I never liked the trend toward replacing the plain old words men and women with males and females. It sounds too impersonal, officialese, police-blotter language. When I first noticed it starting in the 1980s, I was teaching middle school in the ghetto and it gave me the impression people used it to avoid conflicts over what to call adolescents, when “boys” and “girls” sounded too young and demeaning, while I supposed, not having reached legal age, they were considered too young for “men” and “women.” So it was simpler to use abstract just the facts ma’am descriptors without implying judgments as to manhood or womanhood, which can be loaded concepts.

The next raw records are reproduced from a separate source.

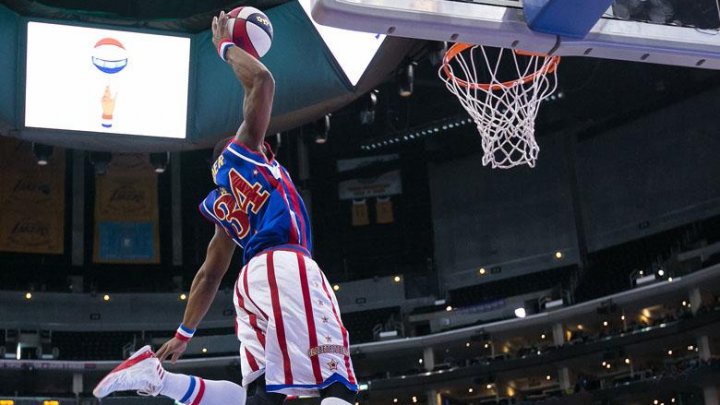 Harlem Globetrotters a stabilit un nou record mondial. Au aruncat cu mingea în coşul de baschet de 348 de ori timp de o oră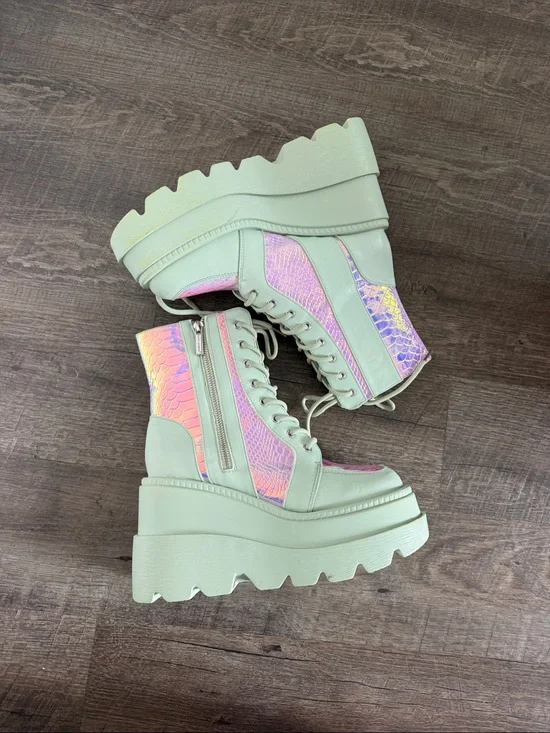 Cape Robbin Mint Green Platform Combat Boots with Iridescent Panels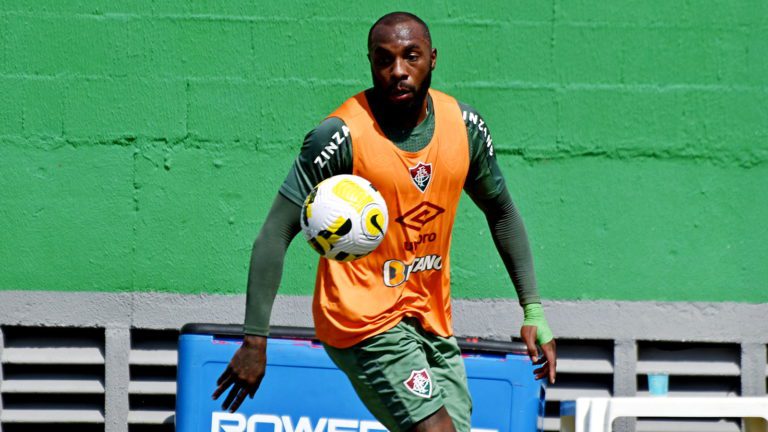 Zagueiro Manoel pode desfalcar Fluminense na Copa Sul-Americana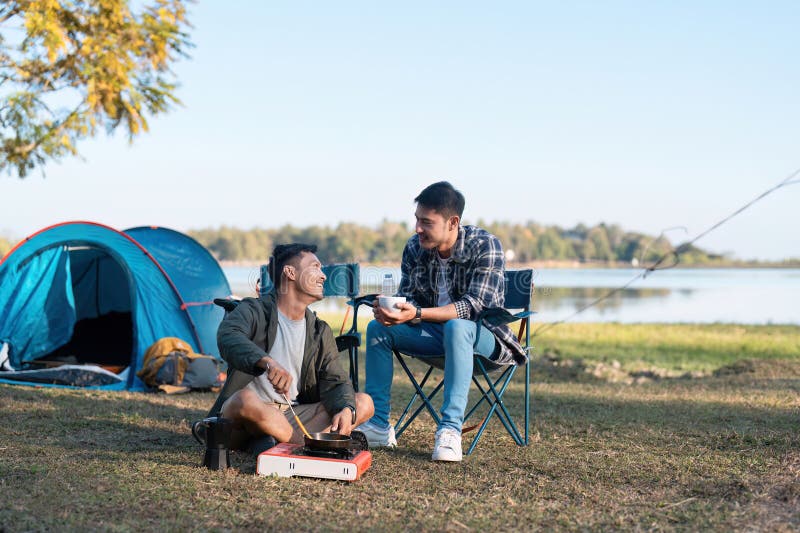 cassie chafin like twinks camping photo apollo robles recommends twinks camping pic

I’m in favor of calling adolescents “men” and “women,” not to speak of adults. It just seems to fit the natural flow of the English language better.
When I was just a tot, way back before dirt had been invented, I was taught that ALL women were to be addressed as “Ma’am.” The word served as a universal form of respectful address----it was unthinkable that a man or boy would be disrespectful to a woman. I honestly don’t understand why “Ma’am” is now resented by many women.
On the other hand, both Spock and Worf – the former half-human, the latter pretty much raised as one – objected at least once each to being called a “man.”
I kinda just told you why “ma’am” is resented by many women. I don’t get called “ma’am” when they’re being polite and friendly to me - I get it when they’re telling me that I’m wrong and stupid. You hear some punk-assed, pimply-faced kid call you an exaggerated “Maaa-aam” when they’ve decided that you’re being a pain in the ass by not just shutting up and going away often enough, and you start not really liking that title.